## Records for processing:

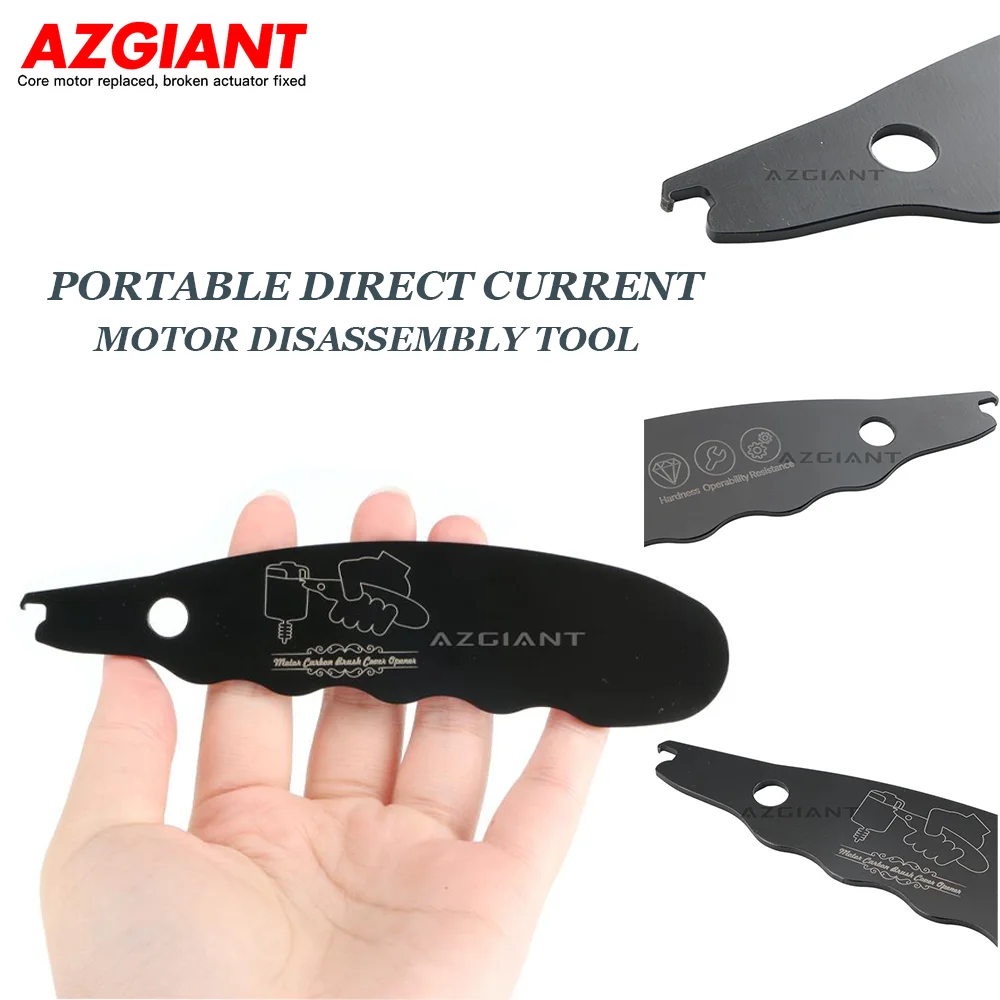 

AZGIANT Portable Direct Current Motor Disassembly Tool Precision Accessory for Repair Modification Effortless Handy disassembly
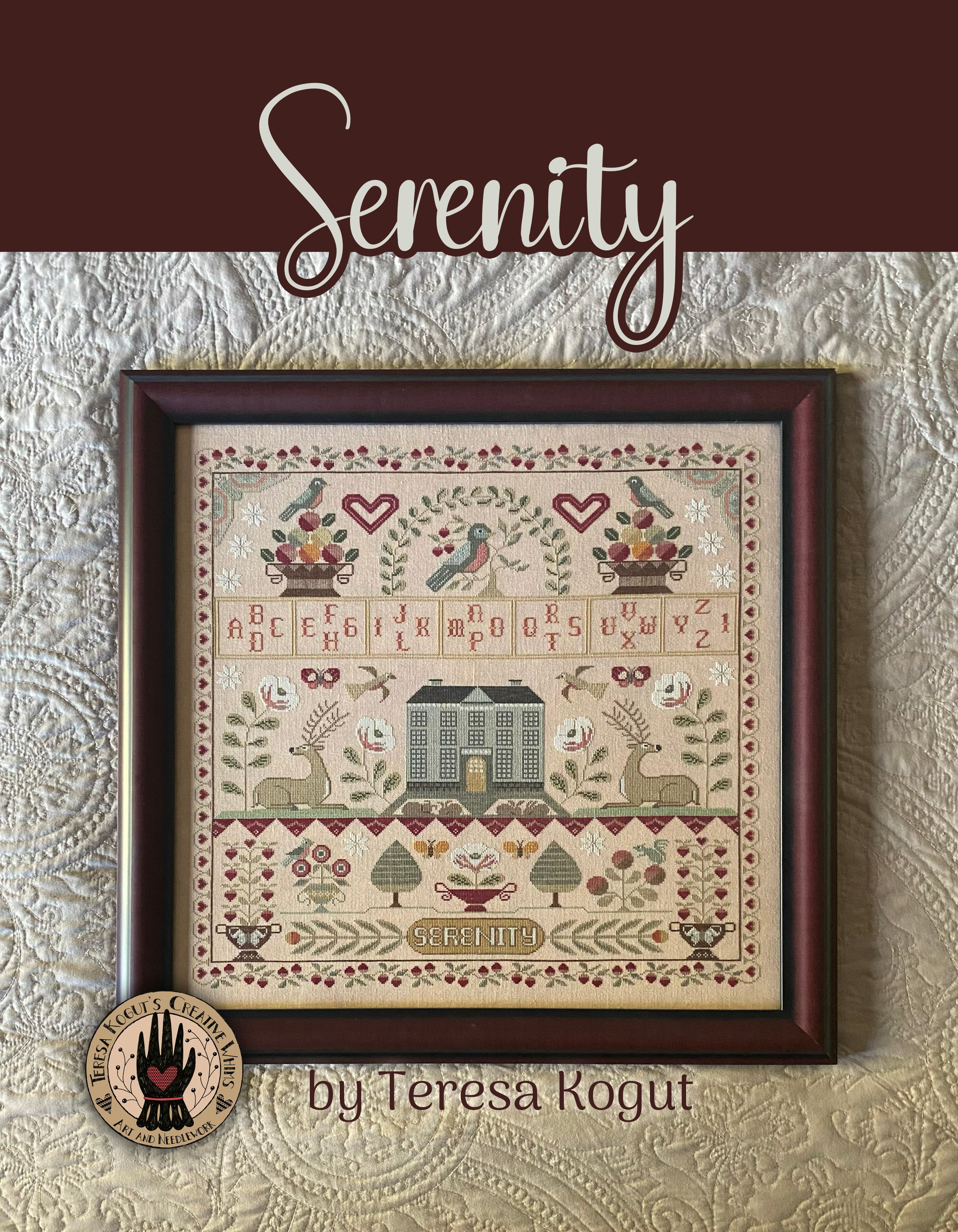 Serenity - Cross Stitch Chart by Teresa Kogut – A Stitch in Time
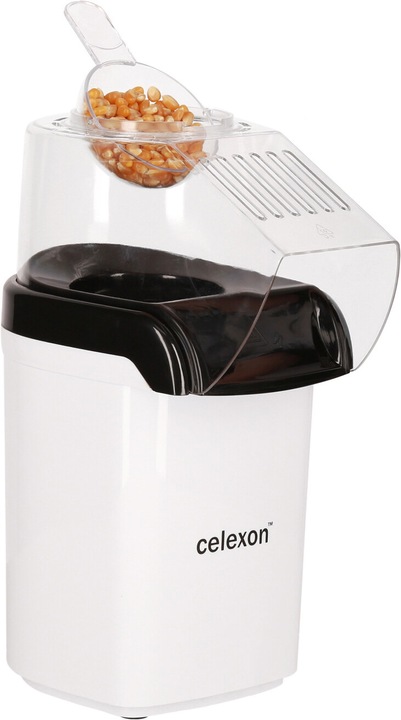 Actual product image Celexon CinePop CP150 popcorn machine incl. lid for dosing Filling quantity approx. 50g corn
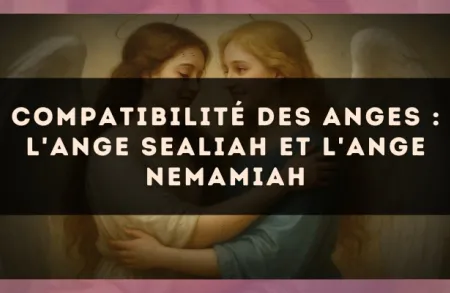Compatibilité des anges : l'Ange Sealiah et l'Ange Nemamiah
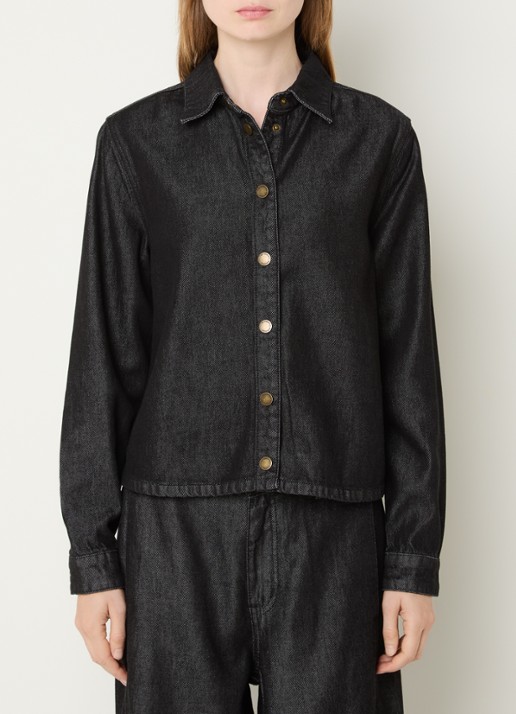 My Essential Wardrobe Malle 181 blouse van denim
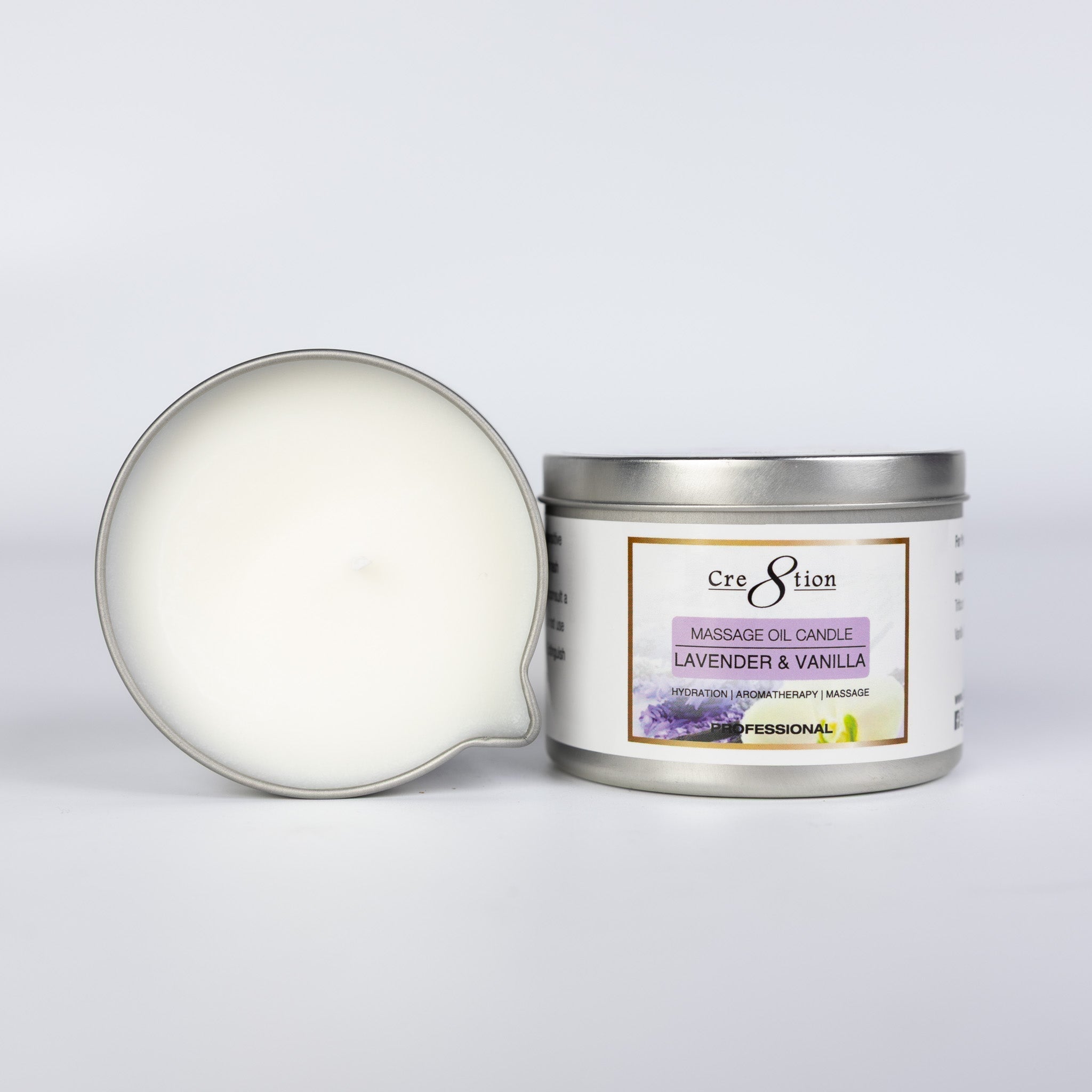 Cre8tion Massage Oil Candles 6oz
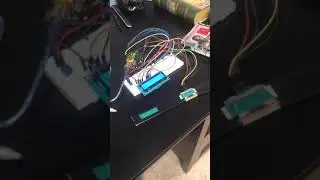 DIY Electronic Level using Accelerometer and LCD screen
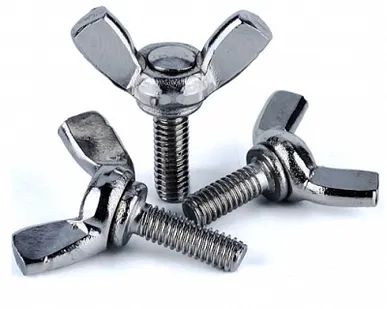 фото Винт-барашек DIN 316 резьба М10, оцинкованная сталь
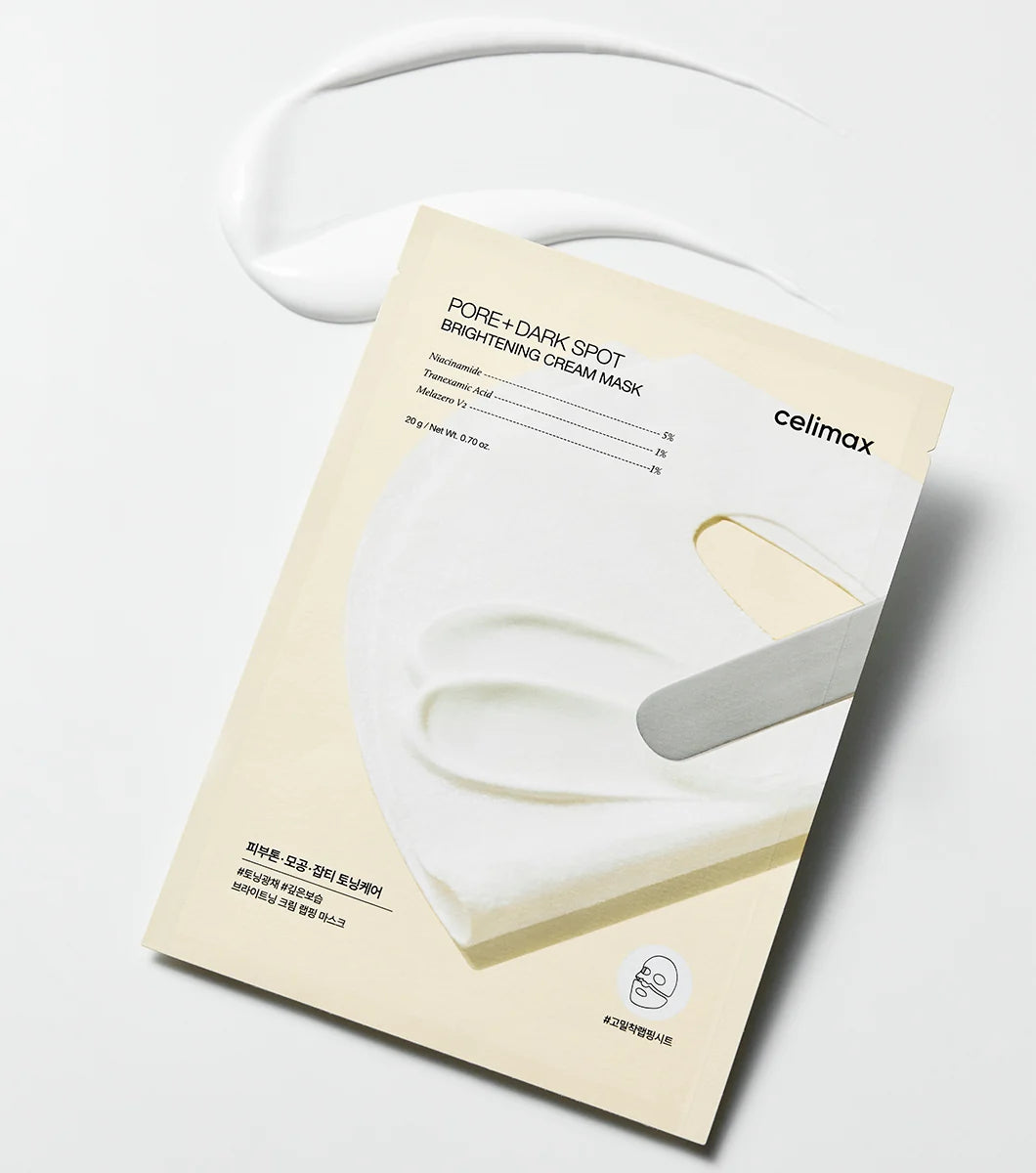 Pore+Dark Spot Brightening Cream Mask Celimax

## Requirement:
Reproduce the records above exactly, but only from the line containing "фото Винт-барашек DIN" through the last line, both included, and without any pictures.

## Written solution:
 фото Винт-барашек DIN 316 резьба М10, оцинкованная сталь
 Pore+Dark Spot Brightening Cream Mask Celimax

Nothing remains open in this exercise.